Them Apples
Monday, September 30, 2013 at 8:09PM
Mindee in Faith, Food, Hayden

You want a quick way to check how my life is going?

Go look in my storage room.

Last year the upright freezer was empty and the shelves were bare.

This year the freezer has 8 pie fillings, 3 ziploc bags of cookies, a dozen pumpkin chocolate chip muffins (there were 2 dozen but I sent some back with Reagan yesterday), several loaves of peach bread, 4 bags of grated zucchini (for brownies or vegetarian chili) and batches of frozen peach puree for various recipes.  The shelves of the storage room have six quarts of apple-pear sauce and 8 pints of apple butter.

When I am happy I store food.  Weird but true.

The whole last week I’ve been processing apples.  It started with a trip to the apple orchard.  We’ve been going to Martin’s Hillside Orchard since the kids were little though it’s been a few years since we’ve had time because Reagan’s fall volleyball schedule always packed the weekends.  If I remember correctly, the last time we went, we pulled a wagon behind us which the kids filled with 80+ pounds of apples.

That was too many.

This time it was just four of us (family outings with one kid gone feel weird, just so you know and makes for a sad picture) so I told them to just fill two grocery sacks each and we’d call it good.

Guess how much eight grocery sacks of apples weigh?

76 pounds.

Sigh.

It wasn’t Hayden’s fault.  Hayden was determined to pick only apples out of reach, thus I think he only filled half a sack himself.

It took him three full minutes to pick one apple from the top of this tree.

This was the tree right beside him.

Faith and I quickly ditched the boys and went for the trees dripping with Jonathans.

We quickly filled our bags and headed back to Rich and Hayden to help them finish up with Jonagolds and Fujis.  The Fujis are for eating, but I had plans for the other varieties.

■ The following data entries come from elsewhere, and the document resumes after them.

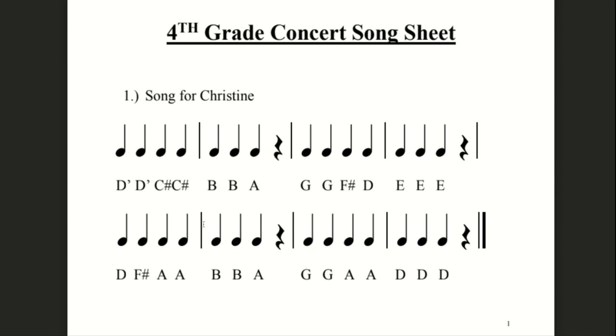If you need to write down finger numbers to help you, you can definitely do that. As long as you print out this page, you can make any notes on it because it's your copy and it's to help you.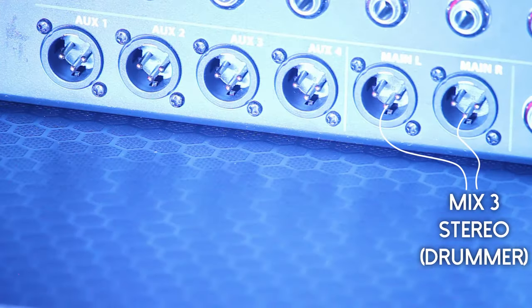Our drummer, however, because he doesn't have to move during the show, is on a wired system. So we've used the main out of the mixer as a stereo feed for his ears. So our drummer has a stereo mix.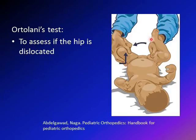The examiner holds both legs, but the exam is done one leg at a time — two maneuvers: abduction and anteriorly directed force. The idea is to see if you can relocate the dislocated hip. A positive result is a clunk, meaning you feel the hip going from outside the acetabulum to inside it. A click is a normal finding, not a positive result.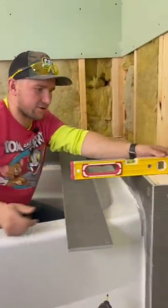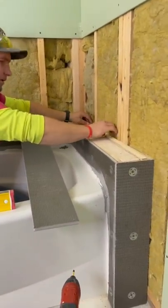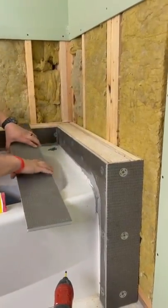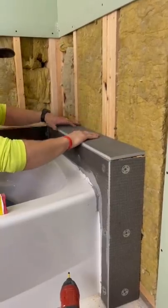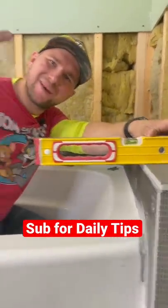You see that we don't have our level here. So what I'm going to do is just put a strip of wood on here, then put our waterproofing on top, and then you have the right pitch. I don't think it's that simple.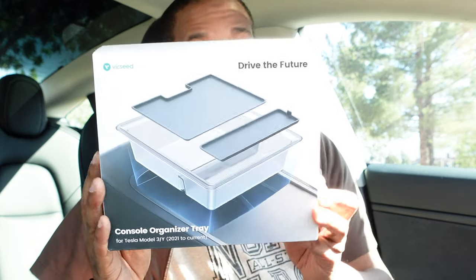What's up everybody, this is Ken. I am back with another accessories video brought to you by Vixeed. Vixeed was so nice to send me one of their new released items to try out and it's dealing with the center console. But this one stands out a little bit more than the others — it's transparent.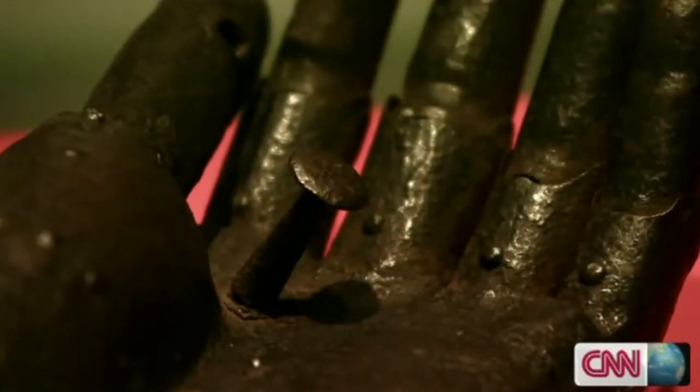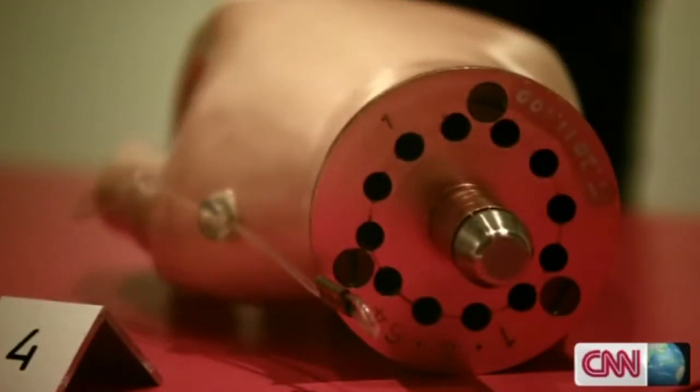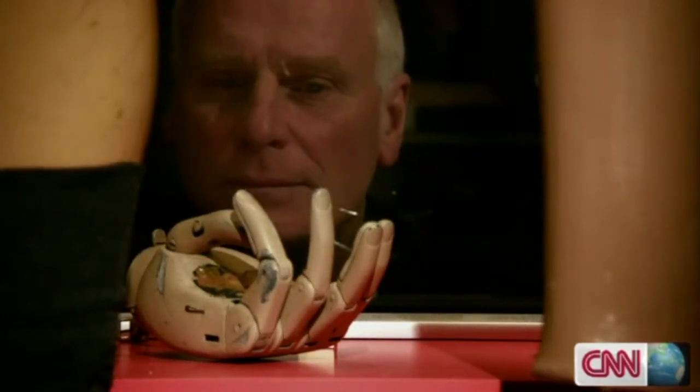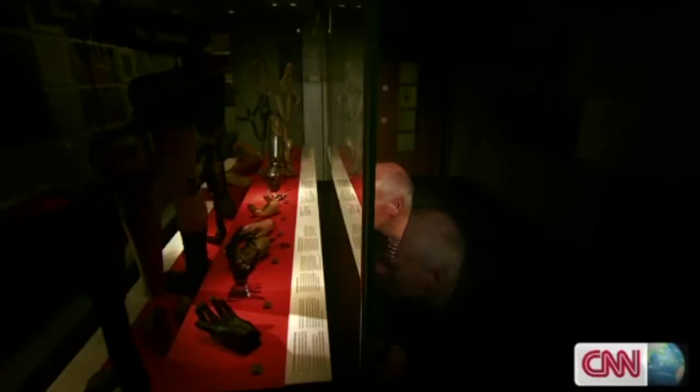We've used a whole variety of materials to make artificial limbs in the 20th century. These days the science has made a great leap forward. Prosthetic hands are now able to do pretty much what a real hand can.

First up was applesauce.  Normally I use Golden Delicious for this, but they weren’t quite ripe yet so I crossed my fingers with the Jonathans and Jonagolds.  The first batch was actually a little tart for my taste (I don’t like to add sugar) but that was ok, because I made it into apple butter.

You really should make some apple butter.  There is no better smell at the end of the day, than walking into a house filled with the aroma of apple butter bubbling in the slow cooker.  Mouth watering.  You don’t even have to make your own applesauce to make the apple butter.

One of my very favorite gadgets of all time is the thingy I used to make applesauce or tomato sauce.  I don’t know what it’s called … food mill maybe? but it’s magical.

You don’t have to core or peel the apples, just quarter them and cook them in a big pot until they’re soft and then dump them into the top.

Then you just turn the crank and apple sauce comes pouring out through the screen.

While all the seeds, hulls and peels plop out the end.

When you’re done, you have a big pan of hot applesauce and a disaster area in your kitchen.

That last picture is of the first batch I made which was pink from the red skins of the Jonathans - another reason I usually use Golden Delicious.

For the second batch, I had a bunch of over-ripe pears that I threw in to cook with the apples and Oh. My. Word. did the combination make the BEST applesauce ever.  The pears made it sweeter and added an extra layer of flavor that’s just delicious.  They also made the sauce more golden in color which people seem to like.

So now I have all these jars of home made goodness and a freezer full of pie potential and I am torn because while it’s all delicious, it was so much danged work that I don’t want to eat any of it and deplete my supply!

It’s a conundrum I tell you.

But I love pie enough that I’m pretty sure I’ll get over it.